**ABOUT THIS EXERCISE**
Omit the images and retype the records verbatim.

**GIVEN RECORDS**

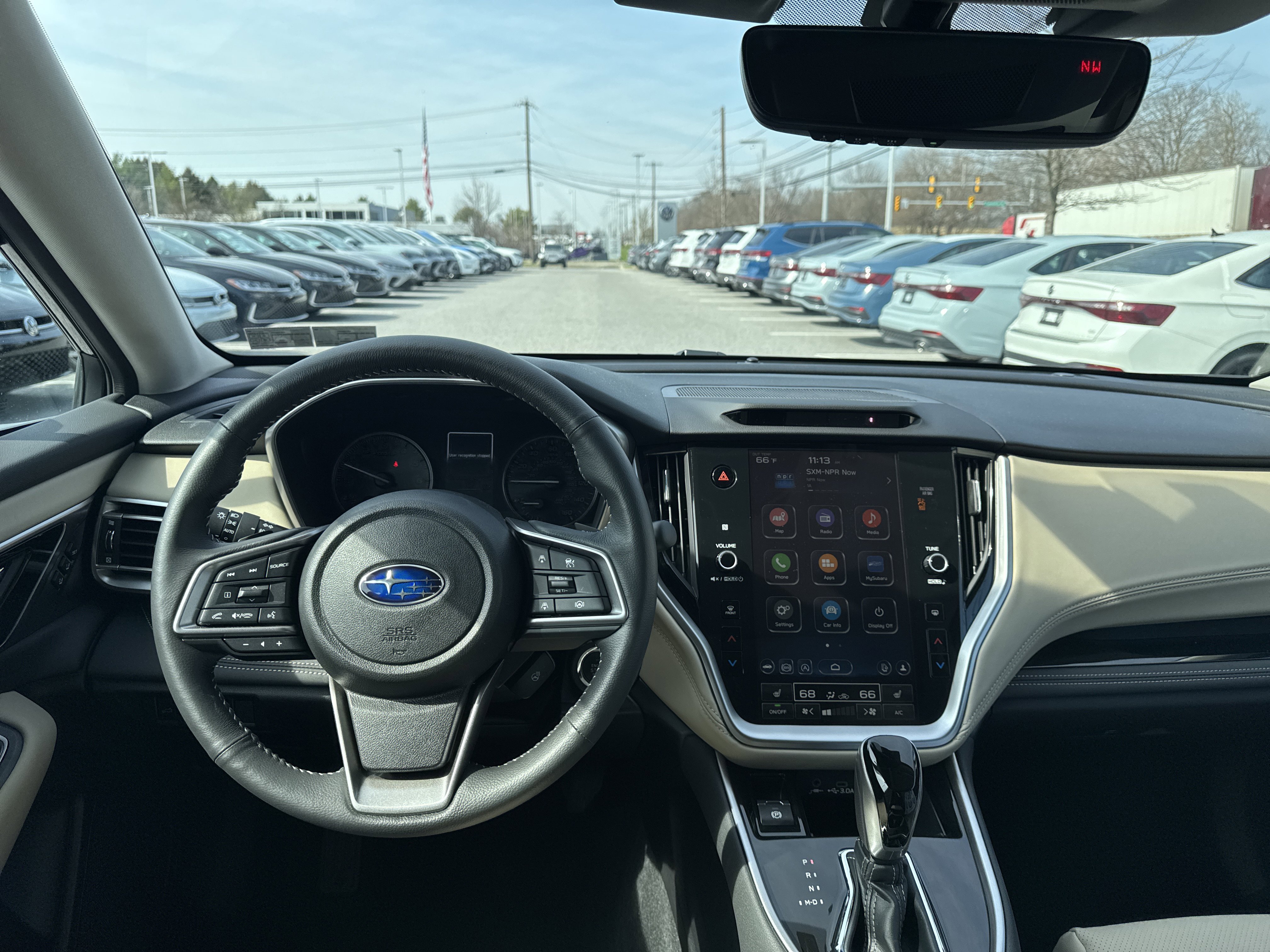 Used 2025 Subaru Outback Limited image 2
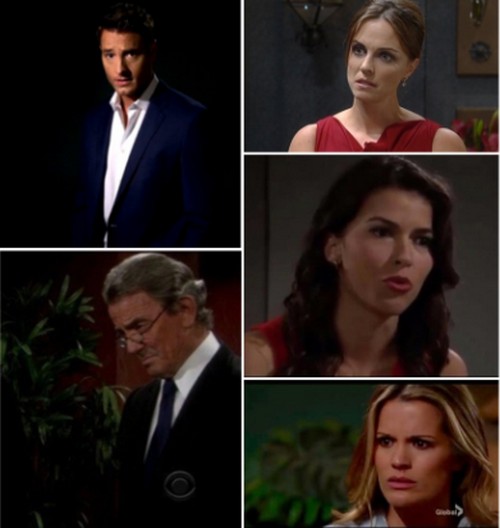 The Young and the Restless Spoilers: Awful Lies Exposed - Lives Ruined and Changed Forever in Genoa City Fallout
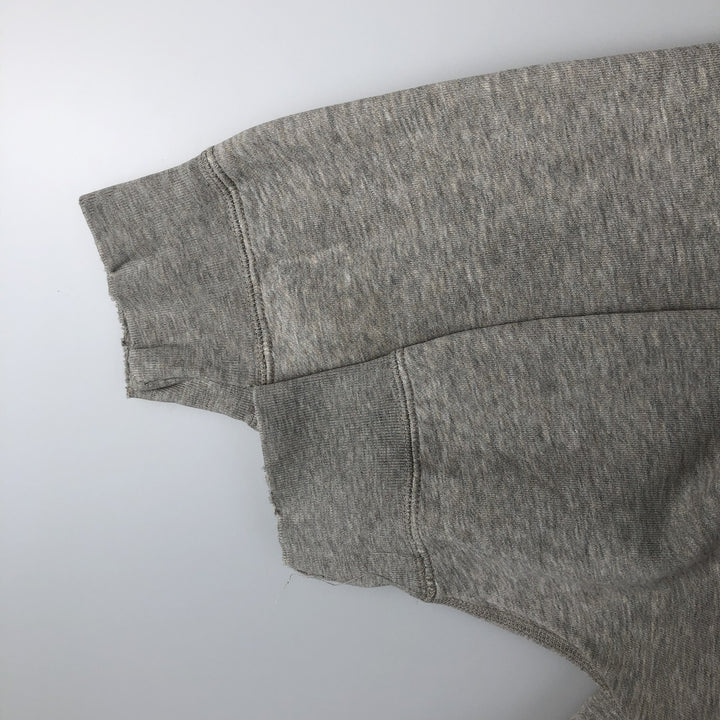 Ralph Lauren POLO by Ralph Lauren One Point Logo Sweatshirt Trainer Men's L size cotton gray type Vintage Second Hand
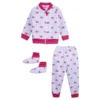 Pijama Térmica Niña María José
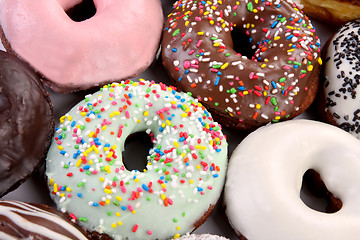 Image showing donuts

**SOLVED EXERCISE**
 Used 2025 Subaru Outback Limited image 2
 The Young and the Restless Spoilers: Awful Lies Exposed - Lives Ruined and Changed Forever in Genoa City Fallout
 Ralph Lauren POLO by Ralph Lauren One Point Logo Sweatshirt Trainer Men's L size cotton gray type Vintage Second Hand
 Pijama Térmica Niña María José
 Image showing donuts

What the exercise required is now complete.